The equinox came and went this autumn and I didn’t even notice. Funny that, because I’m always confused by a moment in time divided equally between night and day.
I’m not alone because sometimes birds forget to migrate during the equinox in mid-March and start to sing, because they think it’s spring.
Not so the longer division of day and night, the winter solstice on June 21 this year, which records the longest night at the same time the northern hemisphere is recording the longest day.
You know where you stand with the solstice. It’s that mysterious moment, the extremes of seasons, when we are reminded all life on earth is connected to the heavens. The seasons are caused by the tilt of the Earth’s rotational axis away or toward the sun as it travels through its year-long path around our star. Perhaps the power of the celestial connection has been lost because we no longer need the stars for navigation, as the mariners of old did. We might now use satellite navigation systems but many of our bird species still rely on the celestial world to plot their course.
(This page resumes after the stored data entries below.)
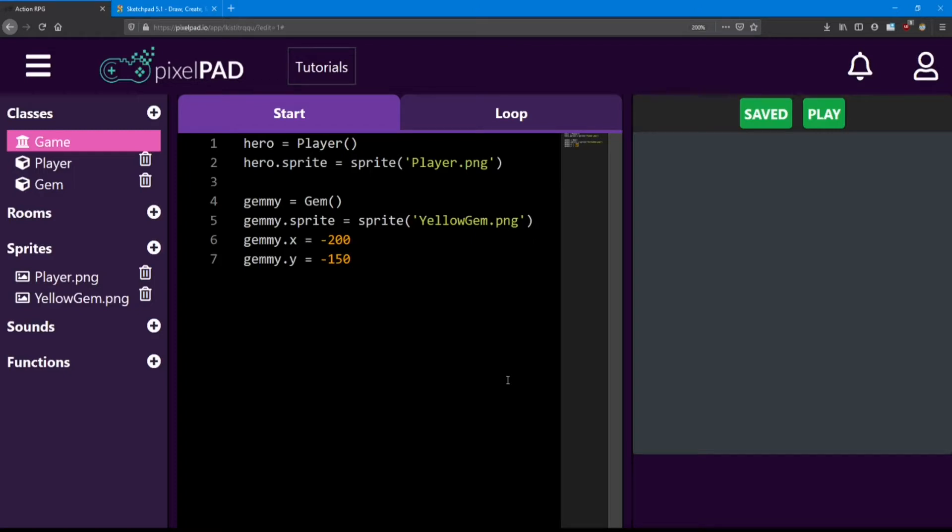Hello everyone! Welcome back to the Action RPG lessons. In lesson number two we'll be looking at adding more classes and objects and then getting things moving.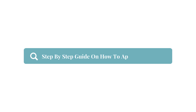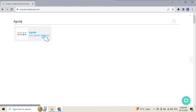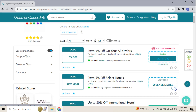Step-by-step guide on how to apply an Agoda code. Go to Voucher Codes UAE and search for Agoda on the search bar. Browse through verified and tested codes. Click the code to copy — we have already revealed the code for you.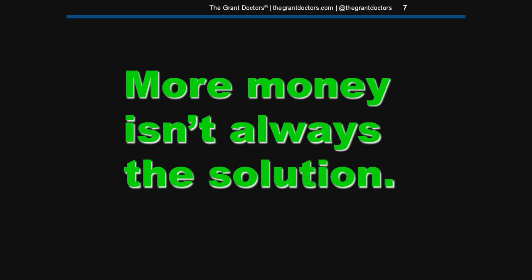You need to be able to have those tough conversations and make hard decisions if, in the long run, it improves your operations and the services you provide. So don't always assume you need a grant to start a new program. You might be better off cutting a less effective program and repurposing those dollars on something that will be more impactful.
The link to space was perceived in far-off times but not quite in the way we understand it today. At about the time Tasmania was settled by European colonisers, it was believed that swallows migrated to the moon in winter. It was only later established that the European swallows breeding in Britain and western Europe in summer were the same ones seen by seafarers going ashore at Cape Town at the tip of the African continent. Tasmanian welcome swallows travel to the Australian mainland in winter.
Some birds do indeed use the stars to aid navigation. Although much still has to be learned about avian migration, it is believed the birds that fly by night can read patterns of stars to aid navigation. This gives them a sense of direction – establishing north-south, east-west – to undertake their often epic journeys. They also read the position of the sun as a compass and tune into the earth’s magnetic fields, strongest at the equator and growing weaker the further they travel north or south.
Closer to historic breeding grounds or wintering areas, migratory birds are also able to determine landmarks like valleys, mountains and rivers.
And the journeys in many cases are truly epic. One seabird that can sometimes can be seen in Tasmanian waters, the Arctic tern, flies between the North and South Poles each year and some waders visiting Tasmania each summer make a less arduous journey – merely flying to Siberia and Alaska, although some do nest within the Arctic circle.
At the time of the winter solstice, when our remarkable waders are breeding in the endless light cast on the tundra of the far north while we are cast in darkness, it’s worth considering the pull the moon, planets and stars have on our consciousness, and the physical rhythms of our lives. The birds map our pathways through the cosmological landscape.